Start of The data

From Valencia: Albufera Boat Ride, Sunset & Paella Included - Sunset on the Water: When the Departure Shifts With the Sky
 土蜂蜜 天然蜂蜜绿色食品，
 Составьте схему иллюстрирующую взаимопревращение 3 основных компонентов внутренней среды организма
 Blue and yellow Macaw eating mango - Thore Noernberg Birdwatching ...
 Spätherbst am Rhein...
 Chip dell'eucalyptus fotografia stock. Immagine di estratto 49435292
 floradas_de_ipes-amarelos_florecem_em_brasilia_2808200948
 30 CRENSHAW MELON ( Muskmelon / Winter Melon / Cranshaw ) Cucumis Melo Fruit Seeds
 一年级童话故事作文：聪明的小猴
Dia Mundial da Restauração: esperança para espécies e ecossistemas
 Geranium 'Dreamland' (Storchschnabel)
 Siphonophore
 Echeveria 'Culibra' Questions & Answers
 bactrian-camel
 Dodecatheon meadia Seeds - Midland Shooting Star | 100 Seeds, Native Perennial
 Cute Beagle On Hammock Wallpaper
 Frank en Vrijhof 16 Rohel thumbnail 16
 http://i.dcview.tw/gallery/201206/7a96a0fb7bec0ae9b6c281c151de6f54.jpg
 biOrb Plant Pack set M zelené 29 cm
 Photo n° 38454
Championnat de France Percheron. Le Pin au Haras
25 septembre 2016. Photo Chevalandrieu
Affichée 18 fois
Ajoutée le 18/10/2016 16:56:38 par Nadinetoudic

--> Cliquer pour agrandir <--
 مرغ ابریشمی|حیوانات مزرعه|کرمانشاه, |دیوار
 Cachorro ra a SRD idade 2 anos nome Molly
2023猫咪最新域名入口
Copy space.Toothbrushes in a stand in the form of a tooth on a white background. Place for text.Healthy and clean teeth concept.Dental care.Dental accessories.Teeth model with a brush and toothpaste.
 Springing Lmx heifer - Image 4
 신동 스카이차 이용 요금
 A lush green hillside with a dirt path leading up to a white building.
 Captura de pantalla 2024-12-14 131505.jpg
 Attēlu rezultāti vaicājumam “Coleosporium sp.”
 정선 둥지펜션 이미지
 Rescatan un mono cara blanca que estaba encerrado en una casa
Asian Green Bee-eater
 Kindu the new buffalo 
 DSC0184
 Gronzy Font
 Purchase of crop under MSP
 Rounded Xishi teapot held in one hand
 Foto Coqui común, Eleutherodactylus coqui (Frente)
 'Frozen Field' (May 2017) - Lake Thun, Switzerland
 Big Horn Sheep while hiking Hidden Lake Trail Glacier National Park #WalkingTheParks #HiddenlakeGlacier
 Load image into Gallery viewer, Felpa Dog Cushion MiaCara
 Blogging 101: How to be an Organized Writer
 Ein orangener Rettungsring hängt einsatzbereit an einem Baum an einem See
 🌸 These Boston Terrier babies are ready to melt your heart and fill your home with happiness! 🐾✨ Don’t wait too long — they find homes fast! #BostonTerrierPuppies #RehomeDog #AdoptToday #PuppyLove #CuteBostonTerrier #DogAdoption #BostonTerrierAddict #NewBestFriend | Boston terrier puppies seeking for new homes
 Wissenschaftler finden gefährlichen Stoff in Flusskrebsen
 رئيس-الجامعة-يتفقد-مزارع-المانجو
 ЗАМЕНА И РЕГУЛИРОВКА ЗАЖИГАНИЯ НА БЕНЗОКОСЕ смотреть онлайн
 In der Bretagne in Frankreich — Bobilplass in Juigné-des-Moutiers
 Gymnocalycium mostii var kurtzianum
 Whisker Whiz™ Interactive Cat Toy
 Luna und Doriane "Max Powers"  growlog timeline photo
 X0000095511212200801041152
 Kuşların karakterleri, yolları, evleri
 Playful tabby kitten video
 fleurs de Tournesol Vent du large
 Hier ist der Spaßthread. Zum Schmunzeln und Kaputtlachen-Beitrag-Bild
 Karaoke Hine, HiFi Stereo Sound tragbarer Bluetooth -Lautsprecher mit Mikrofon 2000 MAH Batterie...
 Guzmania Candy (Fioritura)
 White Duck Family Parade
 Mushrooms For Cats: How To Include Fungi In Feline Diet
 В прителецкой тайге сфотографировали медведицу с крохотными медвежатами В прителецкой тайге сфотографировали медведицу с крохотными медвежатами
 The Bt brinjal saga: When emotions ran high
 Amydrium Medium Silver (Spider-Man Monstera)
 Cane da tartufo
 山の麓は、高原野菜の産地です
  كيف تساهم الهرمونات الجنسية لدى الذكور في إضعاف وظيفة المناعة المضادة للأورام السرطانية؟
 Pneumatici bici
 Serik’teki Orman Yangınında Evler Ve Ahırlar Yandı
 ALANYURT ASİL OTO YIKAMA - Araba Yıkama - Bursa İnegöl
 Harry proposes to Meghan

End of The data

*Exercise prompt:* Would you please repeat all the entries exactly as written?

*Output:*
From Valencia: Albufera Boat Ride, Sunset & Paella Included - Sunset on the Water: When the Departure Shifts With the Sky
 土蜂蜜 天然蜂蜜绿色食品，
 Составьте схему иллюстрирующую взаимопревращение 3 основных компонентов внутренней среды организма
 Blue and yellow Macaw eating mango - Thore Noernberg Birdwatching ...
 Spätherbst am Rhein...
 Chip dell'eucalyptus fotografia stock. Immagine di estratto 49435292
 floradas_de_ipes-amarelos_florecem_em_brasilia_2808200948
 30 CRENSHAW MELON ( Muskmelon / Winter Melon / Cranshaw ) Cucumis Melo Fruit Seeds
 一年级童话故事作文：聪明的小猴
Dia Mundial da Restauração: esperança para espécies e ecossistemas
 Geranium 'Dreamland' (Storchschnabel)
 Siphonophore
 Echeveria 'Culibra' Questions & Answers
 bactrian-camel
 Dodecatheon meadia Seeds - Midland Shooting Star | 100 Seeds, Native Perennial
 Cute Beagle On Hammock Wallpaper
 Frank en Vrijhof 16 Rohel thumbnail 16
 http://i.dcview.tw/gallery/201206/7a96a0fb7bec0ae9b6c281c151de6f54.jpg
 biOrb Plant Pack set M zelené 29 cm
 Photo n° 38454
Championnat de France Percheron. Le Pin au Haras
25 septembre 2016. Photo Chevalandrieu
Affichée 18 fois
Ajoutée le 18/10/2016 16:56:38 par Nadinetoudic

--> Cliquer pour agrandir <--
 مرغ ابریشمی|حیوانات مزرعه|کرمانشاه, |دیوار
 Cachorro ra a SRD idade 2 anos nome Molly
2023猫咪最新域名入口
Copy space.Toothbrushes in a stand in the form of a tooth on a white background. Place for text.Healthy and clean teeth concept.Dental care.Dental accessories.Teeth model with a brush and toothpaste.
 Springing Lmx heifer - Image 4
 신동 스카이차 이용 요금
 A lush green hillside with a dirt path leading up to a white building.
 Captura de pantalla 2024-12-14 131505.jpg
 Attēlu rezultāti vaicājumam “Coleosporium sp.”
 정선 둥지펜션 이미지
 Rescatan un mono cara blanca que estaba encerrado en una casa
Asian Green Bee-eater
 Kindu the new buffalo 
 DSC0184
 Gronzy Font
 Purchase of crop under MSP
 Rounded Xishi teapot held in one hand
 Foto Coqui común, Eleutherodactylus coqui (Frente)
 'Frozen Field' (May 2017) - Lake Thun, Switzerland
 Big Horn Sheep while hiking Hidden Lake Trail Glacier National Park #WalkingTheParks #HiddenlakeGlacier
 Load image into Gallery viewer, Felpa Dog Cushion MiaCara
 Blogging 101: How to be an Organized Writer
 Ein orangener Rettungsring hängt einsatzbereit an einem Baum an einem See
 🌸 These Boston Terrier babies are ready to melt your heart and fill your home with happiness! 🐾✨ Don’t wait too long — they find homes fast! #BostonTerrierPuppies #RehomeDog #AdoptToday #PuppyLove #CuteBostonTerrier #DogAdoption #BostonTerrierAddict #NewBestFriend | Boston terrier puppies seeking for new homes
 Wissenschaftler finden gefährlichen Stoff in Flusskrebsen
 رئيس-الجامعة-يتفقد-مزارع-المانجو
 ЗАМЕНА И РЕГУЛИРОВКА ЗАЖИГАНИЯ НА БЕНЗОКОСЕ смотреть онлайн
 In der Bretagne in Frankreich — Bobilplass in Juigné-des-Moutiers
 Gymnocalycium mostii var kurtzianum
 Whisker Whiz™ Interactive Cat Toy
 Luna und Doriane "Max Powers"  growlog timeline photo
 X0000095511212200801041152
 Kuşların karakterleri, yolları, evleri
 Playful tabby kitten video
 fleurs de Tournesol Vent du large
 Hier ist der Spaßthread. Zum Schmunzeln und Kaputtlachen-Beitrag-Bild
 Karaoke Hine, HiFi Stereo Sound tragbarer Bluetooth -Lautsprecher mit Mikrofon 2000 MAH Batterie...
 Guzmania Candy (Fioritura)
 White Duck Family Parade
 Mushrooms For Cats: How To Include Fungi In Feline Diet
 В прителецкой тайге сфотографировали медведицу с крохотными медвежатами В прителецкой тайге сфотографировали медведицу с крохотными медвежатами
 The Bt brinjal saga: When emotions ran high
 Amydrium Medium Silver (Spider-Man Monstera)
 Cane da tartufo
 山の麓は、高原野菜の産地です
  كيف تساهم الهرمونات الجنسية لدى الذكور في إضعاف وظيفة المناعة المضادة للأورام السرطانية؟
 Pneumatici bici
 Serik’teki Orman Yangınında Evler Ve Ahırlar Yandı
 ALANYURT ASİL OTO YIKAMA - Araba Yıkama - Bursa İnegöl
 Harry proposes to Meghan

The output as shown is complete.